Portable application: After having unpacked the application, what you have is a self-contained piece of software that can be run directly from its folder, and that stores all settings and indexes in its folder. – In other words, it is basically a portable application.

Non-portable use: While the application is portable by design, it can also be made non-portable by replacing one or more subfolders in the application folder with NTFS junctions or symlinks. In particular, if you want the application to store its settings and/or indexes anywhere other than in its own folder, you can replace the subfolder conf and/or the subfolder indexes with NTFS junctions or symlinks. Do note that multiple instances of DocFetcher Server sharing the same conf and indexes folders is not supported and may lead to file corruption and crashes.

Upgrading: As a result of DocFetcher Server being a portable application and not having an auto-update feature, the proper procedure to upgrade to a newer version of the software is to copy or move the conf and indexes subfolders from the old version to the new version. If you’ve modified the launch scripts or other application files in any way, these must be copied or moved also. And again, do NOT unpack the new version on top of the old version.

Starting the Server (Windows)¶

This section explains how to start the server on Windows. If you’re using Linux or macOS instead, skip to the next section.

Executables: On Windows, the DocFetcher Server folder contains the following executables:

DocFetcherServer.exe
DocFetcherServerw.exe
server-install.exe
server-start.exe
server-stop.exe
server-uninstall.exe

The number of these executables and the similarity of their names may cause some confusion, so a careful reading of the following explanation is recommended.

Windows service: First of all, DocFetcher Server isn’t a regular application that you can just run by double-clicking an executable. Instead, DocFetcher Server must be installed and run as a Windows service.

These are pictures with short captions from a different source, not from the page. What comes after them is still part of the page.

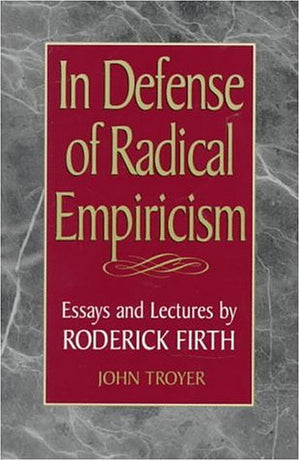 In Defense of Radical Empiricalism,Used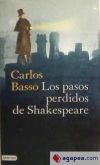 Los pasos perdidos de Shakespeare - Basso, Carlos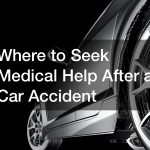 Where to Seek Medical Help After a Car Accident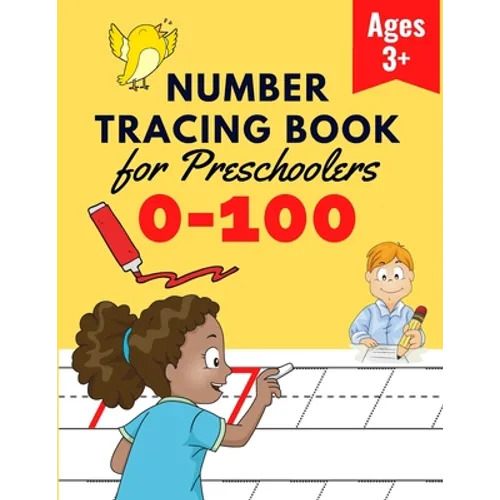 Number Tracing Book for Preschoolers: Number Practice Workbook To Learn The Numbers From 0 To 100 - Math Activity Book for Pre K, Kindergarten and Kid - Paperback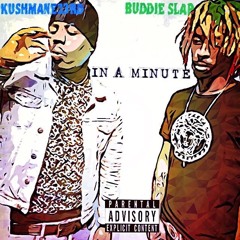 In A Minute Feat Kushmane23rd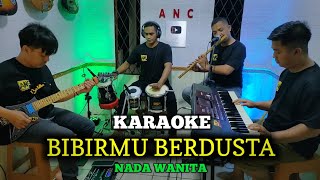 BIBIRMU BERDUSTA KARAOKE DE RATIH NADA WANITA [upl. by Glynis]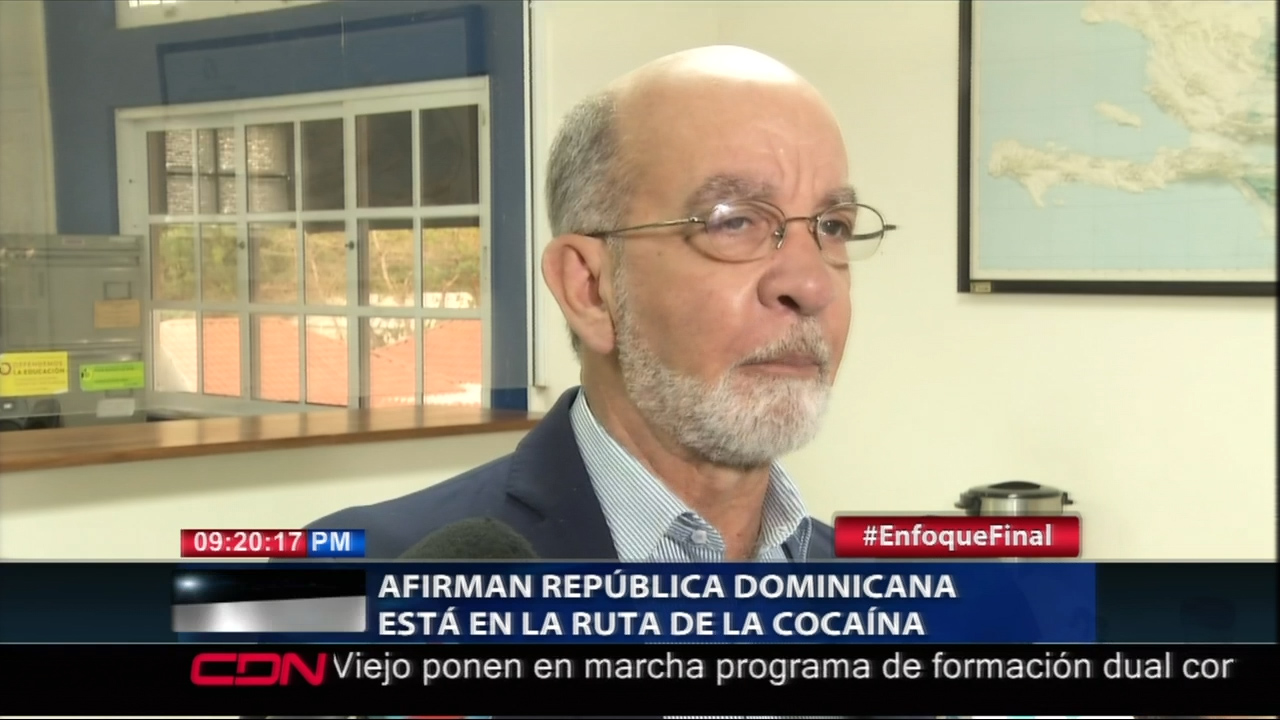 Experto En Seguridad Ciudadana Afirma RD Está En “la Ruta De La Cocaína”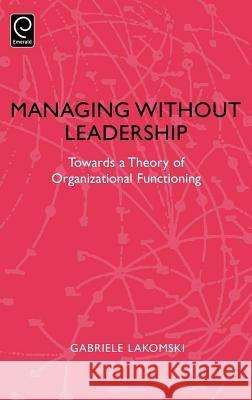 Managing without Leadership: Towards a Theory of Organizational Functioning Gabriele Lakomski 9780080433523 Emerald Publishing Limited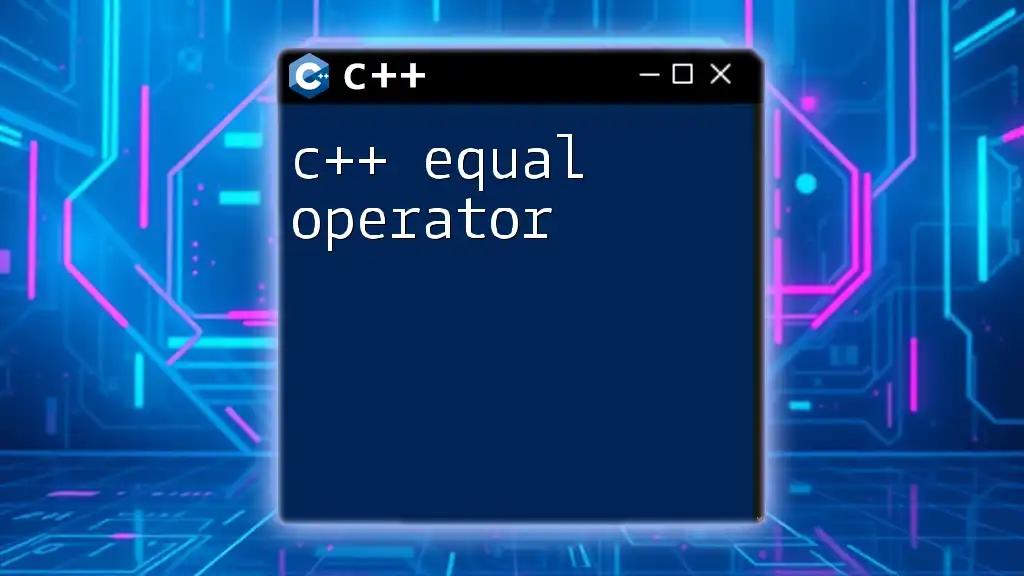 Mastering the C++ Equal Operator: A Quick Guide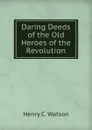 Daring Deeds of the Old Heroes of the Revolution - Henry C. Watson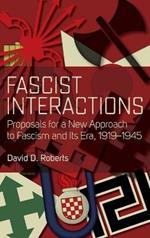 Fascist Interactions: Proposals for a New Approach to Fascism and Its Era, 1919-1945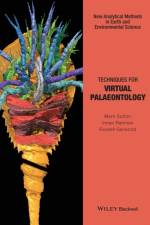 Techniques for Virtual Palaeontology af Mark (Imperial College London Sutton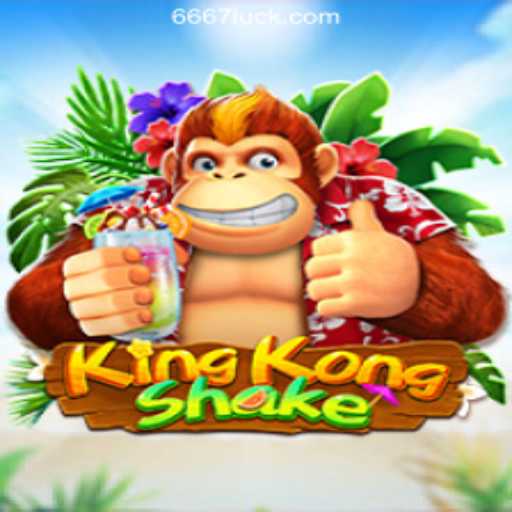 KingKongShake: The Ultimate Gaming Experience with 667luck.com Oficial Slots Brasil #1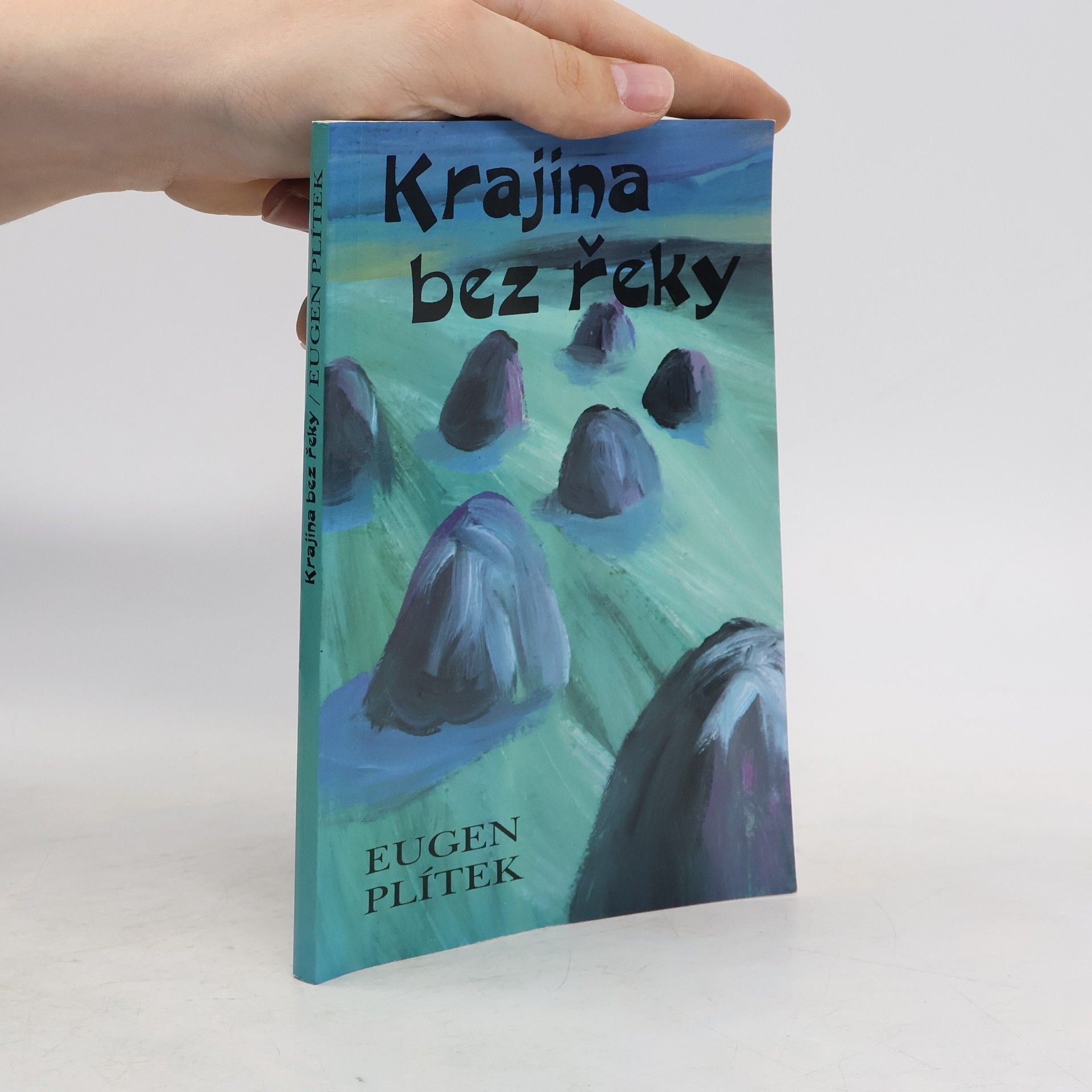 Evžen Plítek Krajina bez řeky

To install it, double-click the server-install.exe executable and confirm when the executable asks for admin rights. And if you no longer need DocFetcher Server, you also cannot simply remove it by deleting the application folder. Instead, you have to first uninstall the Windows service, by running server-uninstall.exe.

Do not rename or move the application folder: After installing DocFetcher Server as a Windows service, do not rename or move the DocFetcher Server folder, as this will break the Windows service. Before renaming or moving the folder, you first have to uninstall the Windows service.

Foreground vs. background: While DocFetcher Server is installed as a Windows service, you can run it either in the foreground or in the background. The former is useful for testing and troubleshooting because you get to see the application’s output in a console window. The latter is how you would normally run the application. Running the application both in the foreground and in the background is not supported; if you try that, the DocFetcher Server instance that comes first will run and the other instance will fail.

Starting and stopping: To run DocFetcher Server in the foreground, double-click the DocFetcherServer.exe executable. This opens a console window in which the application will run. To exit the application, press Ctrl + C in the console window twice (!). To run DocFetcher Server in the background, double-click the server-start.exe executable. To stop the background process, double-click the server-stop.exe executable. After starting the application either as a foreground or a background process, nothing more seems to be happening, but that’s how it’s supposed to work – the server is just up and running and ready to serve clients through their web browsers.

Starting when system boots: It should be noted that after installing the Windows service by running server-install.exe, the Windows service will not be started immediately, but it will be started in the background when the system reboots.

Windows service GUI: The remaining executable we haven’t discussed yet is DocFetcherServerw.exe. This executable can be run once the Windows service is installed, and it provides a simple GUI for:

configuring the Windows service,
starting and stopping the Windows service, and
seeing whether the Windows service is running at the moment.

Visibility of mapped drives: By default, DocFetcher Server’s Windows service runs under the Local System account, which is why mapped drives may not be visible when you try to select them for indexing within DocFetcher Server. This is because mapped drives are a user-account specific concept. Probably the easiest solution is to index the network resource via its UNC path. The alternative is to perform some complex system-admin gymnastics to create a mapped drive that is accessible from the Local System account, or whatever account the DocFetcher Server instance is run under. Note that you can use the DocFetcherServerw.exe GUI to specify the user account under which DocFetcher Server is run. But normally you would use the Local System account because that way DocFetcher Server will be run even when no users are logged in.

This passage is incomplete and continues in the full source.